Au moment de sa mort, on vit s’élever au-​dessus de la mai­son qui l’abritait un globe de feu qui pla­na quelque temps dans les airs et se diri­gea vers la Lorraine. Avant de mon­ter au ciel, Fourier vou­lait dire adieu à sa patrie, pour laquelle il mou­rait en exil. Les habi­tants de Gray avaient com­pris cette grande âme : on sait leur dou­leur, leur empres­se­ment, leurs démarches pour gar­der la pré­cieuse dépouille du Saint. Enfin, le corps vint repo­ser à Mattaincourt, dans sa paroisse tant aimée, auprès de la pre­mière mai­son de Notre-​Dame, et le cœur demeu­ra à Gray comme leur récompense.

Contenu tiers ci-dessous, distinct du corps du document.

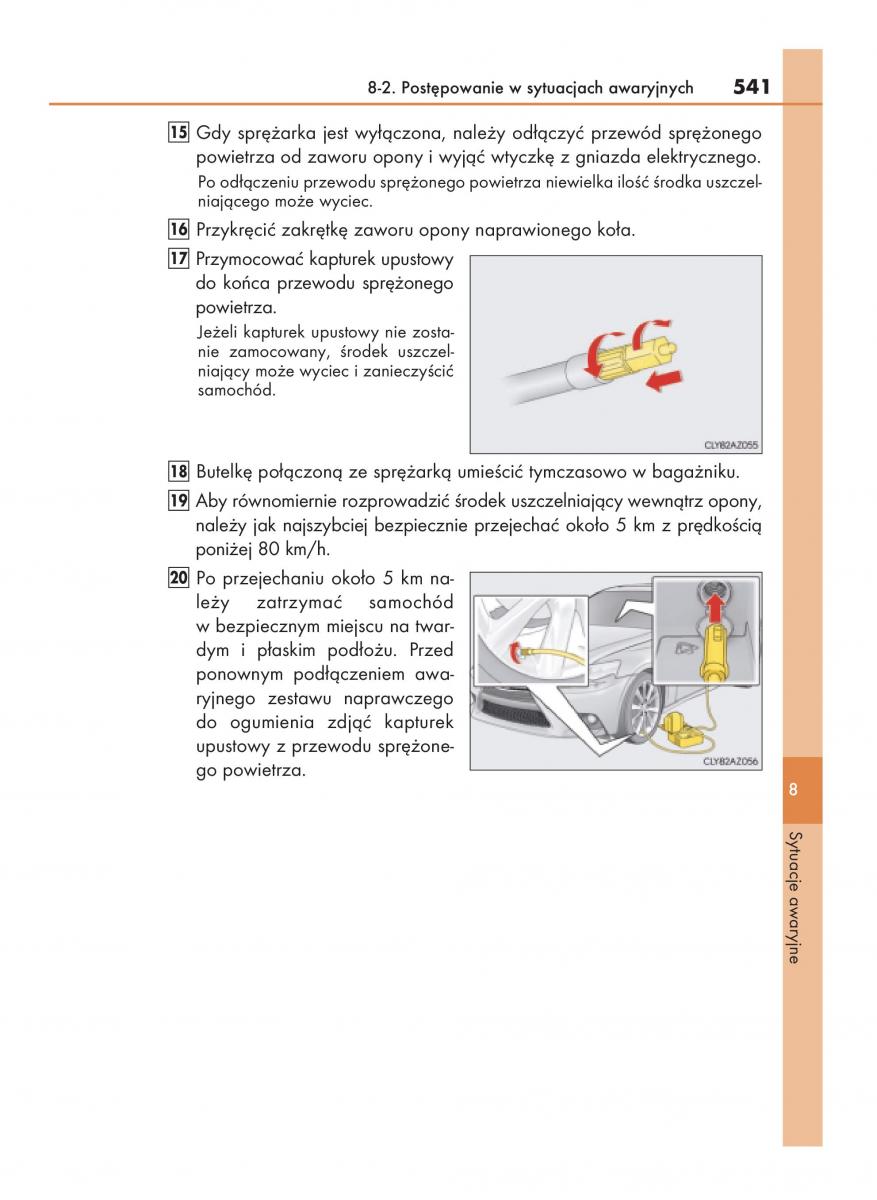 Lexus IS200t III 3 instrukcja obslugi / page 541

Sous Benoît XIII, Pierre Fourier a été béa­ti­fié à Saint-​Pierre de Rome le 29 jan­vier 1730. En la fête de l’Ascension, le 27 mai 1897, Léon XIII le pla­ça solen­nel­le­ment au nombre des Saints : la Lorraine et toute la France témoi­gnèrent en cette occa­sion par des fêtes splen­dides leur pié­té constante envers le « Bon Père » de Mattaincourt.

Sa fête, fixée par le Martyrologe Romain au 9 décembre, se célèbre aus­si en Lorraine le 7 juillet.

A. L. P.

Sources consul­tées. – L. Pingaud, Saint Pierre Fourier (Collection Les Saints). – Annuaire pon­ti­fi­cal catho­lique de 1921 (p. 474–480). – (V. S. B. P., nos 75 et 900.)